ABOUT THIS TASK.
In the records below, the lines from the one with "Active Breathe Easy-Kindred" through the last are to be printed exactly, and nothing else.

DATA PROVIDED.
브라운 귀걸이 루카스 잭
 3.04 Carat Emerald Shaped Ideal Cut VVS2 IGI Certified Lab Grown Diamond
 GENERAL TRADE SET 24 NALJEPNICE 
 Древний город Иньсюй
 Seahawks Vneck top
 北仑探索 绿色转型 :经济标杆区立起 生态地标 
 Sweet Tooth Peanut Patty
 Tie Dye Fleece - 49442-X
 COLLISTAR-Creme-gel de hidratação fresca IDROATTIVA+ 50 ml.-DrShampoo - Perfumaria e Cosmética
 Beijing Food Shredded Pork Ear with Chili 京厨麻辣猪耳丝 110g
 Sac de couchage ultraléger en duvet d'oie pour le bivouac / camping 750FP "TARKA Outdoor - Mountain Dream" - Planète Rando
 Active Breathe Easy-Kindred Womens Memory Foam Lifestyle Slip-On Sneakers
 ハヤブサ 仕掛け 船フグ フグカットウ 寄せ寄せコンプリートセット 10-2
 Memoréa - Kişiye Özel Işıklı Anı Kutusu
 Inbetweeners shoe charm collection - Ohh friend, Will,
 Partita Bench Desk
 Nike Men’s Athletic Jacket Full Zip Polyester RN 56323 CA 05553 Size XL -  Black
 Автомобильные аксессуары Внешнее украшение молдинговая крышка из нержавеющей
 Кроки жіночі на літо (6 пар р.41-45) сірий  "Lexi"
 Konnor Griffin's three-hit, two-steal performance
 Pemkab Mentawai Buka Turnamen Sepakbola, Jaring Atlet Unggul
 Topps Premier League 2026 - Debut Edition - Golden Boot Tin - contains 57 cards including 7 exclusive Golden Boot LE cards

WRITTEN SOLUTION.
 Active Breathe Easy-Kindred Womens Memory Foam Lifestyle Slip-On Sneakers
 ハヤブサ 仕掛け 船フグ フグカットウ 寄せ寄せコンプリートセット 10-2
 Memoréa - Kişiye Özel Işıklı Anı Kutusu
 Inbetweeners shoe charm collection - Ohh friend, Will,
 Partita Bench Desk
 Nike Men’s Athletic Jacket Full Zip Polyester RN 56323 CA 05553 Size XL -  Black
 Автомобильные аксессуары Внешнее украшение молдинговая крышка из нержавеющей
 Кроки жіночі на літо (6 пар р.41-45) сірий  "Lexi"
 Konnor Griffin's three-hit, two-steal performance
 Pemkab Mentawai Buka Turnamen Sepakbola, Jaring Atlet Unggul
 Topps Premier League 2026 - Debut Edition - Golden Boot Tin - contains 57 cards including 7 exclusive Golden Boot LE cards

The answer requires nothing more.